We all know I love coffee. This year, I would like to learn about my tea preferences. Unlike my coffee options; wherein I can use an outside source to help me find my preferred coffee bean styles – tea is more varied. I decided to take part in a Twinings Tea Adventure which encouraged me to track my reviews. Because the review spreadsheet is in Microsoft Excel, I am expanding upon the concept. This year I’m doing review tracking with Excel Power Query.
The tracking source starts out with the Twining Tea sampling. The group has a daily schedule where we sample teas in this Twinings Sample pack.
The review sheet contains columns that represent the number (as an index), the date of the trial, the name of the tea, the class or type of tea, a description of the ingredients, my star rating, and a review. There is potential with that review there, for NLP; but right now my intent with this is to learn whether or not I might want to buy or have this tea in stock for when I’m craving tea.
I have other things that I’ve tried that I’d like to start tracking. I’d like to know the following:
- What I should avoid
- I forget what I’ve tried and would like to refrain from trying and buying the same thing I dislike over and over again.
- What I should buy.
- Maybe these are the characteristics that I like so I might want to grab something similar.
- If I’m not in the mood to try something new; I might like to select one of the items that are in the buy list.
- What is ‘acceptable’ if my buy options are not available?
- When I filter down on something, I might want to know why I’ve made that decision.
Using that above thought process, I typed out a quick spreadsheet to capture the items that I might like:
I have created category, type, brand, name of the product, avoid, buy, explanation columns to represent the situation.
Here are some observations about this current state, as I work:
- I may want to use a 1 or 0 to better represent avoid/buy. Yes or no is a better visual cue and I’m focused on convenience of entry.
- Type, Category, and Brand should probably be a drop down list of options that would prevent me from mistyping, but as it stands – this ad-hoc list in it’s early stages is in a period of uncertainty.
- See that sipsby subscription? Does that belong? Why am I including Sipsby, but excluding crema.co (a subscription service that handles all my coffee ratings)?
- I’m doing the review for the Twining’s tasting on a different spreadsheet. What is that about?
- As I think on categories, do I want to do a separate spreadsheet for each category?
- Would it be better or more manageable to. . .

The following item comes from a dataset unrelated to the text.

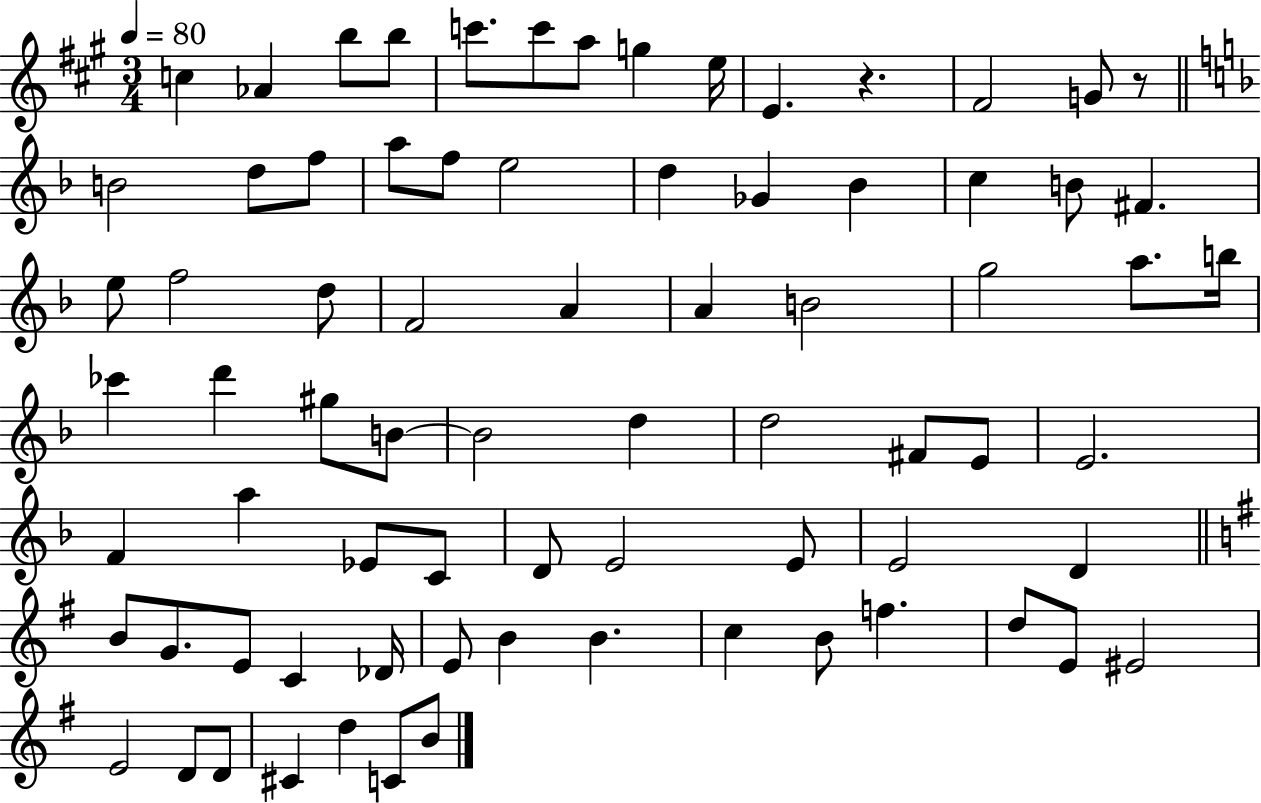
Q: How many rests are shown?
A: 2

The questions are endless. This is a start. While the structure may not be ideal, the data is being collected. Updates may be necessary so there are no restrictions at this juncture. This will require some data cleaning in the future.

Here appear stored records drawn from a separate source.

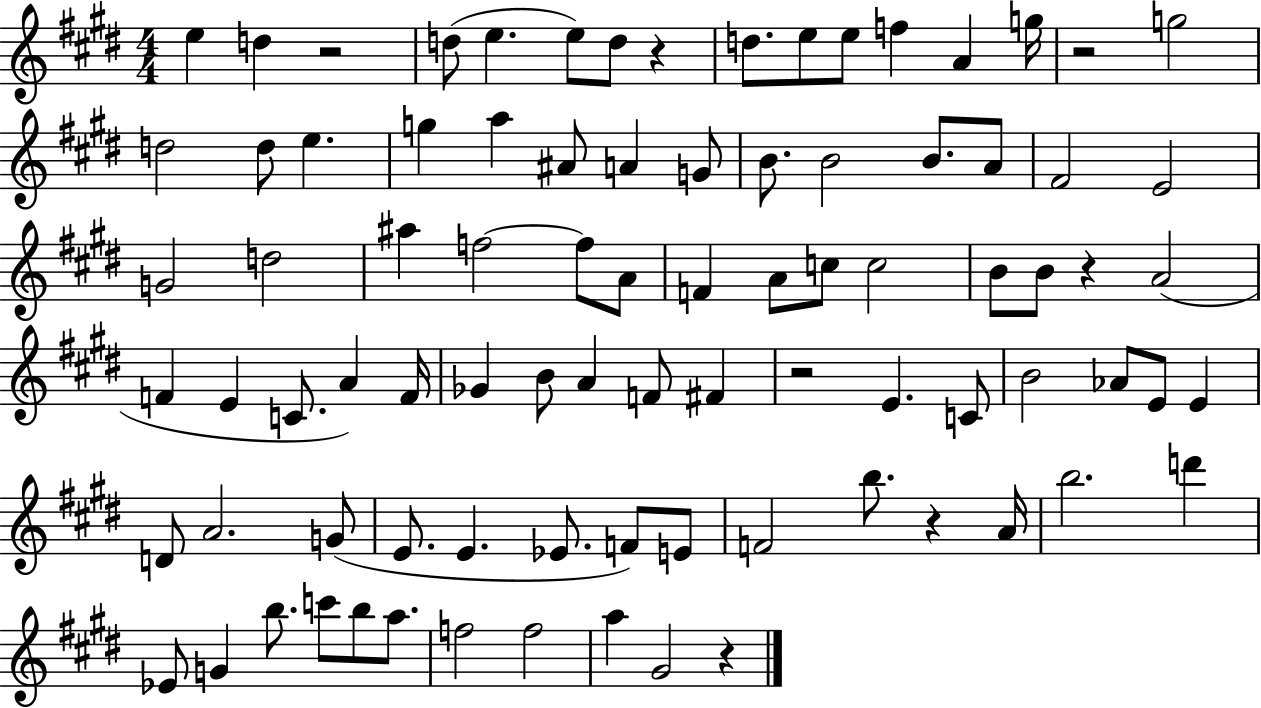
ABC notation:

X:1
T:Untitled
M:4/4
L:1/4
K:E
e d z2 d/2 e e/2 d/2 z d/2 e/2 e/2 f A g/4 z2 g2 d2 d/2 e g a ^A/2 A G/2 B/2 B2 B/2 A/2 ^F2 E2 G2 d2 ^a f2 f/2 A/2 F A/2 c/2 c2 B/2 B/2 z A2 F E C/2 A F/4 _G B/2 A F/2 ^F z2 E C/2 B2 _A/2 E/2 E D/2 A2 G/2 E/2 E _E/2 F/2 E/2 F2 b/2 z A/4 b2 d' _E/2 G b/2 c'/2 b/2 a/2 f2 f2 a ^G2 z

The Twinings Tea Adventure review sheet does not match my idea. I will continue to rate this way because it’s a fun way of communicating with the group about how I liked the tea. On it’s own, it doesn’t tell me what I want to know when it comes to deciding which tea to buy when I’m grocery shopping.
With that notion, I introduce PowerQuery. I’m going to transform the review sheet to match the ad-hoc one.
The first thing to note is that the review sheet contains ALL of the anticipated teas that I will drink over the next 48 days. I don’t want these empty fields included in my results. Rather than do everything all at once, I decided to fix that first by filtering for only those that are rated, then close and load the table.
Next up in the process is to make the filtered tea reviews match the ad-hoc table. This is done with a separate query.
Why a separate query, do you ask? The answer is a hunch that over the next 48 days, I might want to take a look at something that ONLY involves these rated teas and that I will not want to write ANOTHER query or filter out the table in order to perform this function. I’d like to just – use what I’ve created already.
Another hunch involves troubleshooting. Is that the best way to filter for rated values? I think that null or blank is the right answer; but I’m supposed to limit myself to a star rating from 1-5. What if I type a 21? Do I want the 21 to come through? Probably. That might be a bad idea. As this data gets larger, it’ll be harder for me to recognize that I’m seeing 21 because the user entered 21 rather than an error in the calculation that determines whether or not I should avoid or buy something.
To match the ad-hoc spreadsheet, I started a new query for the transformation. I added some, what one would perceive as, nonsense columns if they weren’t aware of the goal. The category column’s value is beverage, the type column is tea, and the Brand is Twinings. I renamed two columns. The review column is explanation and the tea column is now name.
I created the avoid and buy columns by selecting the stars 1-5 column and using PowerQuery’s option to create a column from examples using selection. For the avoid column, I typed in a yes or a no as to whether or not I would avoid the item based on the rating. For the buy column, I typed in a yes or a no as to whether or not I thought I should buy the item based on the rating.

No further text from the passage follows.